Kamis, 04 September 2014

The U.S. Has a New Chief Geek

The U.S. officially has a new chief technology officer: Megan Smith, a longtime Google (GOOG) executive and most recently a vice president at Google’s far-out technology lab, Google X.

We reported Smith’s impending appointment last week; she becomes the third person to fill the position, after Todd Park and Aneesh Chopra. President Obama also named Alexander “Amac” Macgillivray, a former attorney for Twitter (TWTR) and Google, to be Smith’s deputy. As chief council for Twitter for four years, Macgillivray fought to prevent authoritarian governments from blocking provocative material while still complying with local laws.

As CTO, a role created by the Obama administration, Smith will serve as a liaison between the White House and the technology community as she advises the government on more efficient ways to use technology. And while Chopra and Park both had backgrounds in health-care technology, Smith and Macgillivray will deepen the White House’s already close ties to Silicon Valley and particularly to Google, which is working on boundary-pushing technologies such as driverless cars and aerial drones.

They also increase diversity in an administration that’s recently been criticized for lacking it. Smith is the first woman to hold the CTO job, and a lesbian who previously ran PlanetOut, a website for the LGBT Web community. Macgillivray holds dual U.S. and Canadian citizenship.

One of Smith’s strengths lies in pulling together contributors from all parts of the technology community to brainstorm ambitious solutions to global problems. She’s a driving force behind Solve for X, a three-day conference started in 2012, where outsiders joined Google executives to share big ideas. Presentations on the Solve for X website address how to use robots to bring manufacturing back to the U.S. and how to reengineer mosquitoes to fight, rather than spread, disease.

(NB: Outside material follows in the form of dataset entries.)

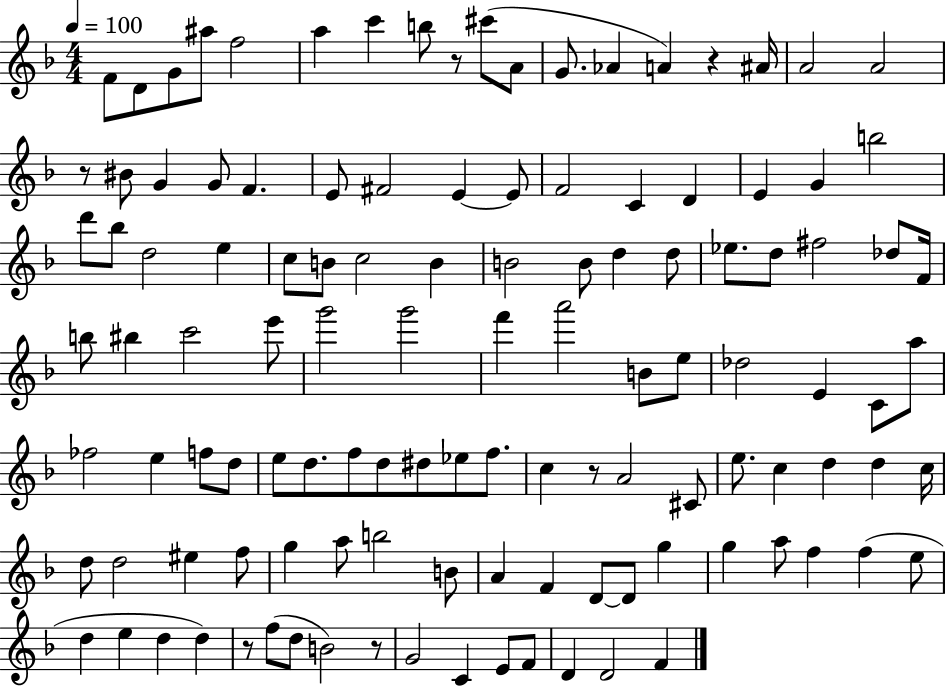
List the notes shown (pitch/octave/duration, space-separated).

F4/e D4/e G4/e A#5/e F5/h A5/q C6/q B5/e R/e C#6/e A4/e G4/e. Ab4/q A4/q R/q A#4/s A4/h A4/h R/e BIS4/e G4/q G4/e F4/q. E4/e F#4/h E4/q E4/e F4/h C4/q D4/q E4/q G4/q B5/h D6/e Bb5/e D5/h E5/q C5/e B4/e C5/h B4/q B4/h B4/e D5/q D5/e Eb5/e. D5/e F#5/h Db5/e F4/s B5/e BIS5/q C6/h E6/e G6/h G6/h F6/q A6/h B4/e E5/e Db5/h E4/q C4/e A5/e FES5/h E5/q F5/e D5/e E5/e D5/e. F5/e D5/e D#5/e Eb5/e F5/e. C5/q R/e A4/h C#4/e E5/e. C5/q D5/q D5/q C5/s D5/e D5/h EIS5/q F5/e G5/q A5/e B5/h B4/e A4/q F4/q D4/e D4/e G5/q G5/q A5/e F5/q F5/q E5/e D5/q E5/q D5/q D5/q R/e F5/e D5/e B4/h R/e G4/h C4/q E4/e F4/e D4/q D4/h F4/q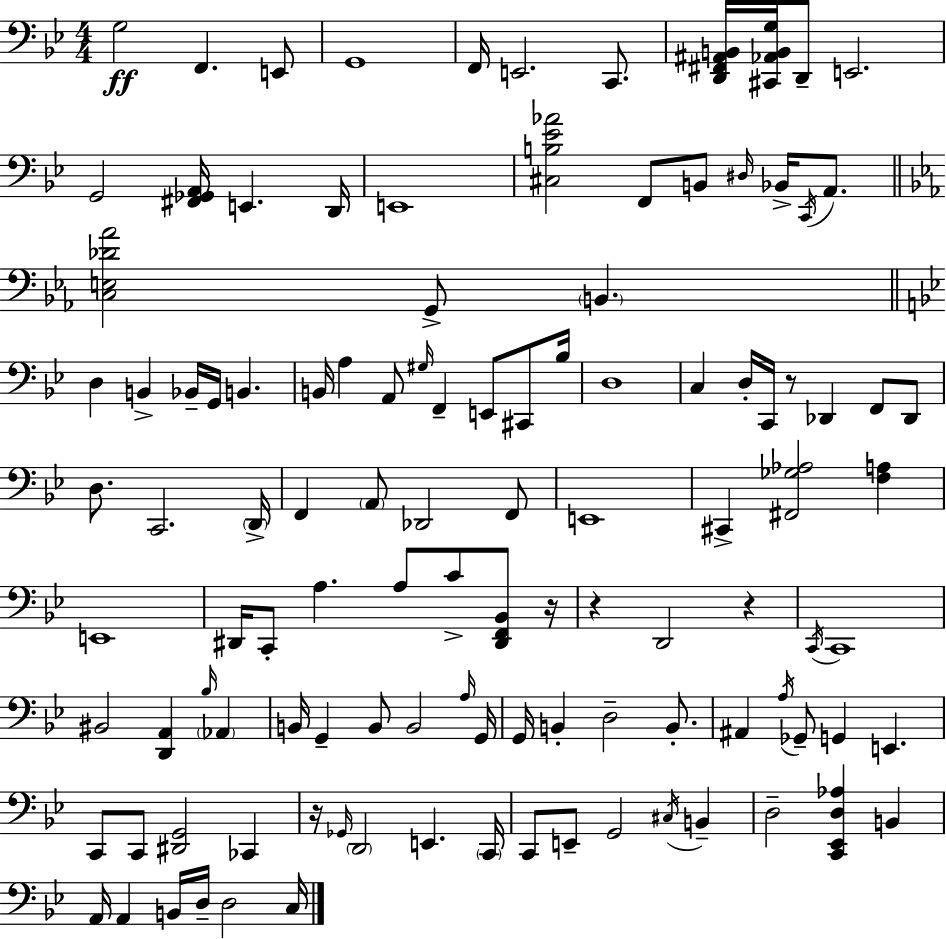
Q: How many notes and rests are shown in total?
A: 113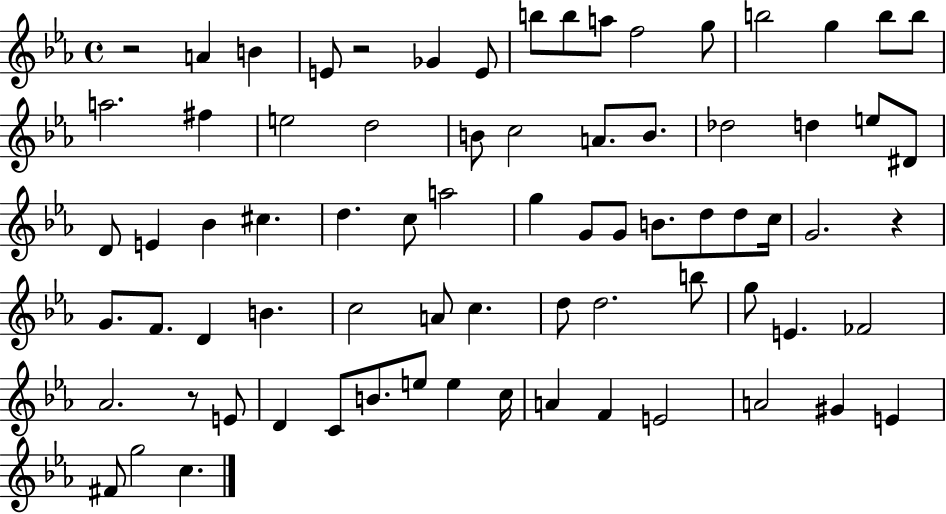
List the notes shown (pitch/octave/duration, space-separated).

R/h A4/q B4/q E4/e R/h Gb4/q E4/e B5/e B5/e A5/e F5/h G5/e B5/h G5/q B5/e B5/e A5/h. F#5/q E5/h D5/h B4/e C5/h A4/e. B4/e. Db5/h D5/q E5/e D#4/e D4/e E4/q Bb4/q C#5/q. D5/q. C5/e A5/h G5/q G4/e G4/e B4/e. D5/e D5/e C5/s G4/h. R/q G4/e. F4/e. D4/q B4/q. C5/h A4/e C5/q. D5/e D5/h. B5/e G5/e E4/q. FES4/h Ab4/h. R/e E4/e D4/q C4/e B4/e. E5/e E5/q C5/s A4/q F4/q E4/h A4/h G#4/q E4/q F#4/e G5/h C5/q.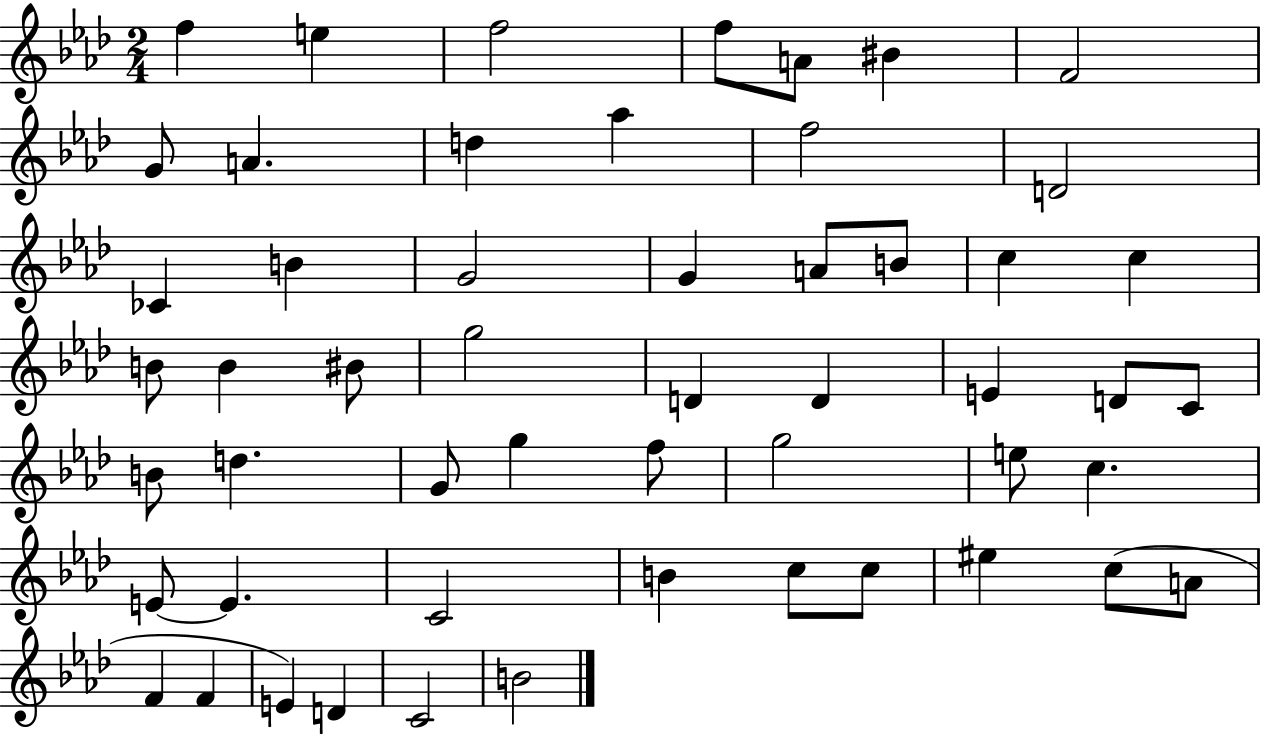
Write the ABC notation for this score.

X:1
T:Untitled
M:2/4
L:1/4
K:Ab
f e f2 f/2 A/2 ^B F2 G/2 A d _a f2 D2 _C B G2 G A/2 B/2 c c B/2 B ^B/2 g2 D D E D/2 C/2 B/2 d G/2 g f/2 g2 e/2 c E/2 E C2 B c/2 c/2 ^e c/2 A/2 F F E D C2 B2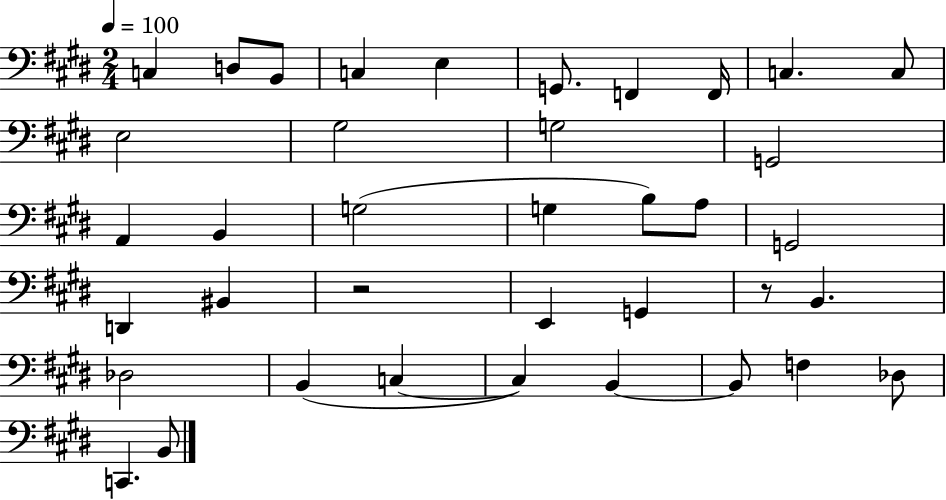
{
  \clef bass
  \numericTimeSignature
  \time 2/4
  \key e \major
  \tempo 4 = 100
  \repeat volta 2 { c4 d8 b,8 | c4 e4 | g,8. f,4 f,16 | c4. c8 | \break e2 | gis2 | g2 | g,2 | \break a,4 b,4 | g2( | g4 b8) a8 | g,2 | \break d,4 bis,4 | r2 | e,4 g,4 | r8 b,4. | \break des2 | b,4( c4~~ | c4) b,4~~ | b,8 f4 des8 | \break c,4. b,8 | } \bar "|."
}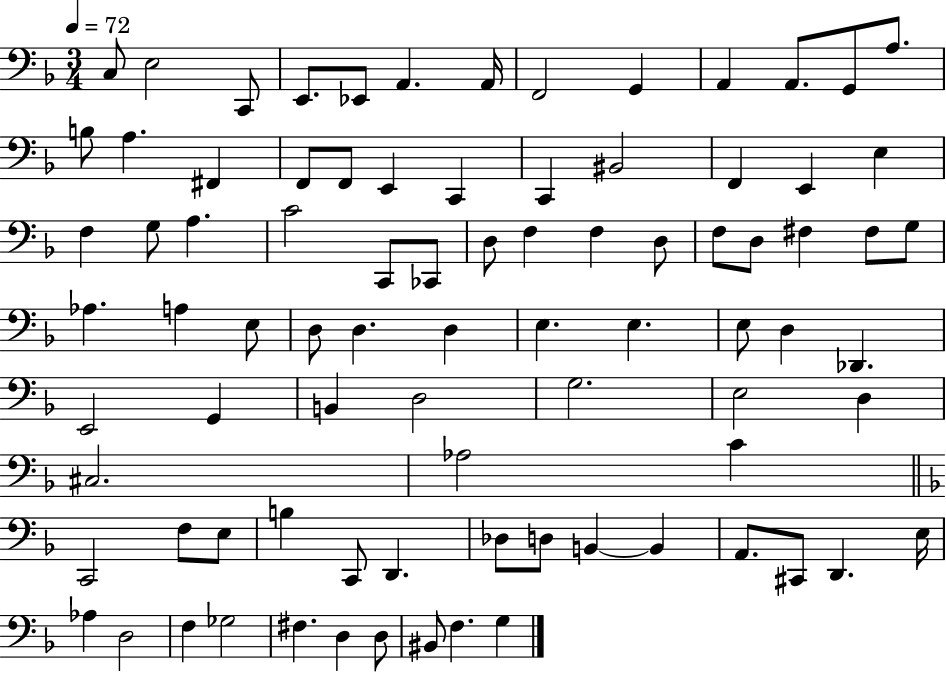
C3/e E3/h C2/e E2/e. Eb2/e A2/q. A2/s F2/h G2/q A2/q A2/e. G2/e A3/e. B3/e A3/q. F#2/q F2/e F2/e E2/q C2/q C2/q BIS2/h F2/q E2/q E3/q F3/q G3/e A3/q. C4/h C2/e CES2/e D3/e F3/q F3/q D3/e F3/e D3/e F#3/q F#3/e G3/e Ab3/q. A3/q E3/e D3/e D3/q. D3/q E3/q. E3/q. E3/e D3/q Db2/q. E2/h G2/q B2/q D3/h G3/h. E3/h D3/q C#3/h. Ab3/h C4/q C2/h F3/e E3/e B3/q C2/e D2/q. Db3/e D3/e B2/q B2/q A2/e. C#2/e D2/q. E3/s Ab3/q D3/h F3/q Gb3/h F#3/q. D3/q D3/e BIS2/e F3/q. G3/q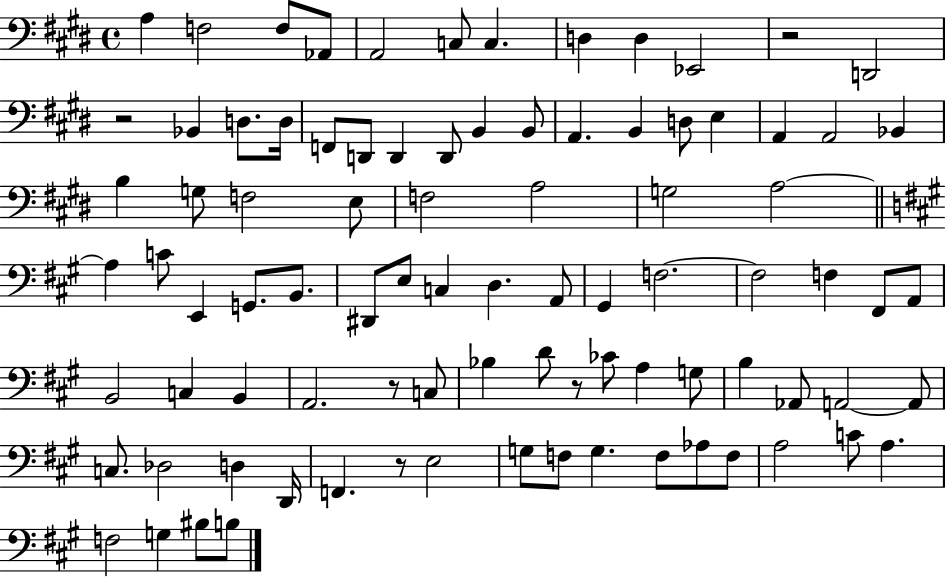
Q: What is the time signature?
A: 4/4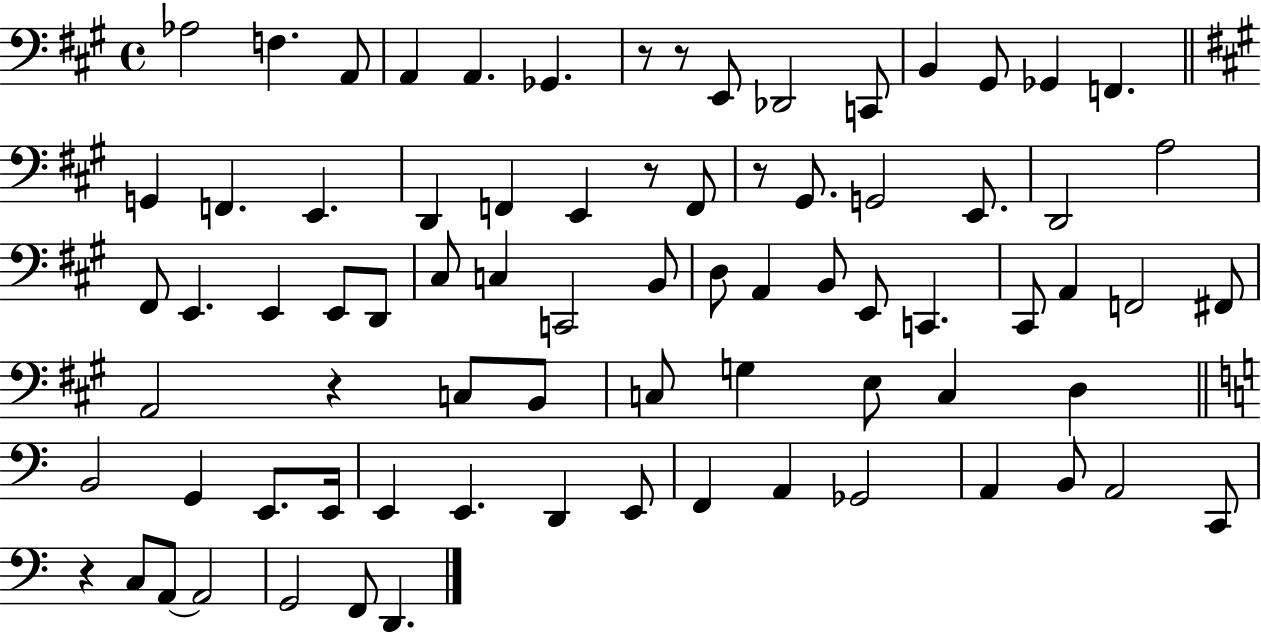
Ab3/h F3/q. A2/e A2/q A2/q. Gb2/q. R/e R/e E2/e Db2/h C2/e B2/q G#2/e Gb2/q F2/q. G2/q F2/q. E2/q. D2/q F2/q E2/q R/e F2/e R/e G#2/e. G2/h E2/e. D2/h A3/h F#2/e E2/q. E2/q E2/e D2/e C#3/e C3/q C2/h B2/e D3/e A2/q B2/e E2/e C2/q. C#2/e A2/q F2/h F#2/e A2/h R/q C3/e B2/e C3/e G3/q E3/e C3/q D3/q B2/h G2/q E2/e. E2/s E2/q E2/q. D2/q E2/e F2/q A2/q Gb2/h A2/q B2/e A2/h C2/e R/q C3/e A2/e A2/h G2/h F2/e D2/q.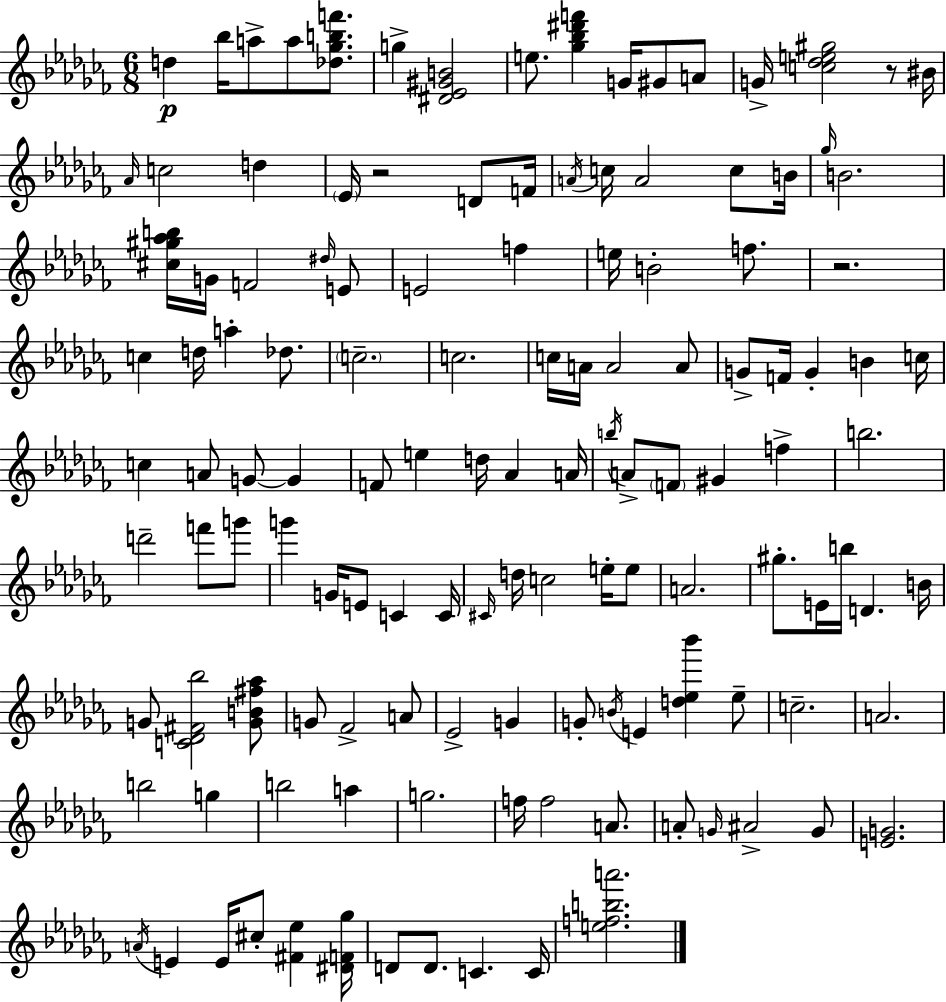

For a Bloomberg Businessweek cover story on Google X last year, Smith told me that such collaborations are the wave of the future and key to solving the world’s most pressing problems. “Bill Clinton calls the 21st century a century of creative collaboration,” she said. “There’s a bunch of this emerging. Solve for X is an example of that, and we are hoping more people will join in. We want to push more people to think about moonshot thinking, and about pushing harder on farther-out goals, rather than doing iterative work.”